The late sheriff, Eugene Crum, was working as magistrate at the time and dismissed the larceny case.
Thornsbury also tapped a friend, the county’s emergency services director, to become the grand jury foreman, according to the indictment.
The judge allegedly wrote subpoenas and had the grand jury issue them to help get private information about Woodruff. That scheme was exposed when one of the businesses refused to cooperate.
And when Robert Woodruff became the victim of an assault outside a convenience store last year by two men, the judge arranged for Woodruff to be identified as the perpetrator.
The county prosecutor dismissed the charges.
U.S. Attorney Booth Goodwin said none of the men accused of helping Thornsbury in his “campaign to persecute” Woodruff will be charged. However, he said, “the investigation into Mingo County corruption is ongoing.”
Mingo County, a coalfields community of about 27,000 people on the state’s southern border with Kentucky, has a long history of violence and government corruption.
It’s the home of the legendary feud between the Hatfield and McCoy families, and was dubbed “Bloody Mingo” when unionizing miners battled security agents and coal companies in the early 20th century.
On the courthouse steps in Williamson, resident Angie Combs took the latest allegations of corruption in stride, embarrassed but not surprised.
“It’s the same old, same old,” she said.
In 1988, former sheriff Johnie Owens was convicted of selling his office for $100,000.
In 2002, the county clerk resigned to avoid prosecution over matters the prosecutor had been investigating, including use of a government credit card for personal reasons and overcharging for expenses.
In 2007, the prosecutor was admonished by the State Bar for subpoenas his office issued for a county commissioner’s financial records.
And in February, a woman was charged with tipping people off about indictments while she served on the grand jury.
“The people of Mingo County are long overdue deliverance from the evils of government corruption,” said Pittsburgh attorney Bruce Stanley, a native who has filed cases in Thornsbury’s court. “After multiple generations of scandals, is it any wonder that southern West Virginia fatalism is so firmly entrenched? Why should they place faith in anyone who claims to be a community leader?”
But restaurant owner Peirce Whitt said the charges against his friend the judge were about a person, not a place.
“It has nothing to do with Mingo County or the people in Mingo County,” he said. “We’re still the good people that we are.

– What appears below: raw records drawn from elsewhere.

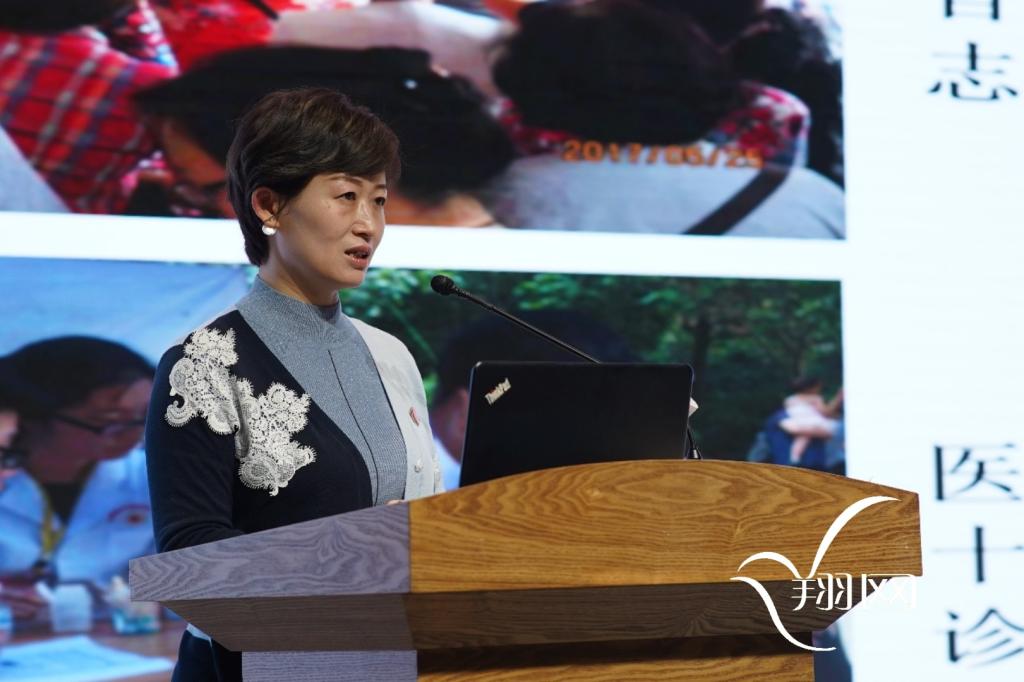 英国威廉希尔公司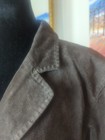 Bild 4 von 8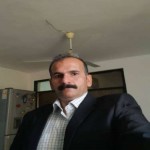 تصویر کاربر با کد 835216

“I’m sure if you go anyplace, you could find a bad person,” Whitt said. “And that’s not to say Judge Thornsbury is a bad person, because he hasn’t been proven guilty yet.”

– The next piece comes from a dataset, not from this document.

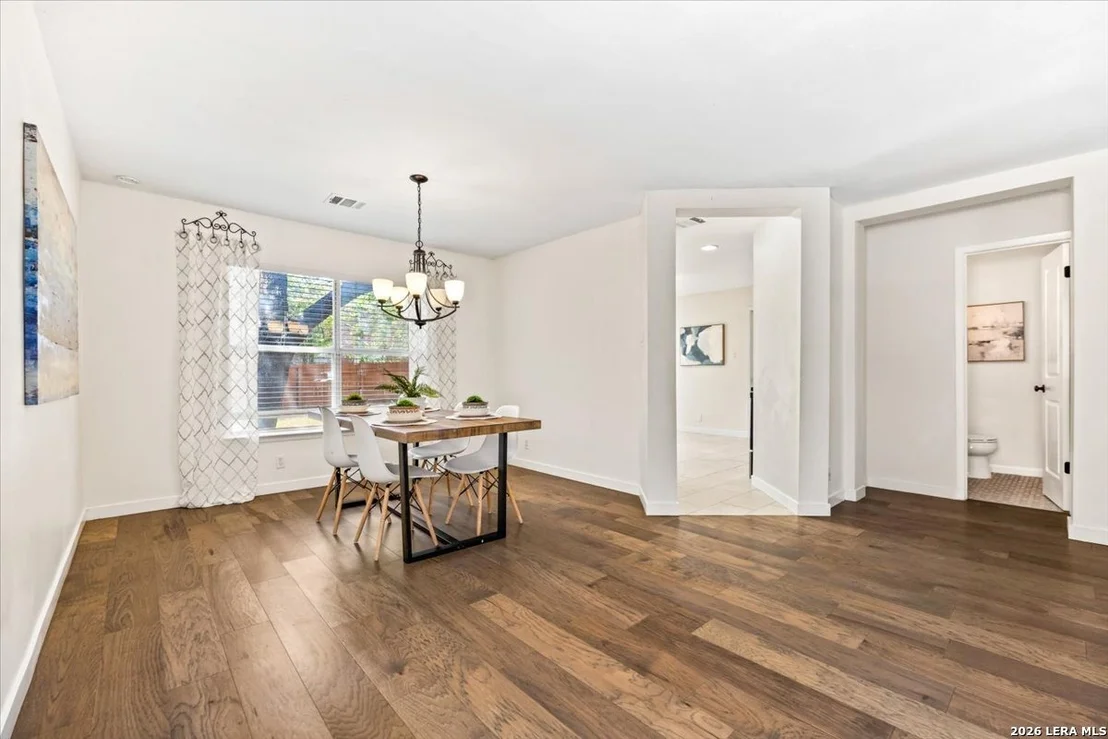 Photo of 9578 Coolbrook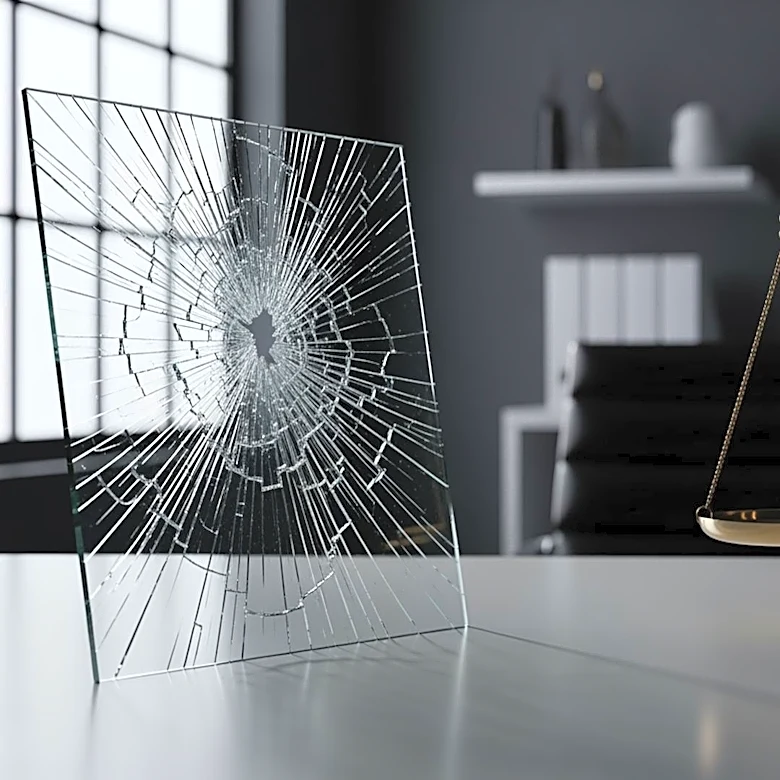 FedEx Files Lawsuit Against Law Firm for Alleged Staged Crashes and Fraudulent Injury Claims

Meanwhile, Baisden, the county commissioner, was accused of trying to buy tires for his personal vehicle at a government discount, then terminating the county’s contract with Appalachian Tire when it refused to cooperate. Baisden, 66, was released on $10,000 bond and ordered not to discuss the case with any witnesses, including his fellow commissioners.
In April, Mingo County’s sheriff was shot twice in the head while parked in his cruiser, in a spot in downtown Williamson where Crum frequently had lunch.
The suspect, Tennis Melvin Maynard, is facing first-degree murder charges. The motive for the slaying has not been revealed.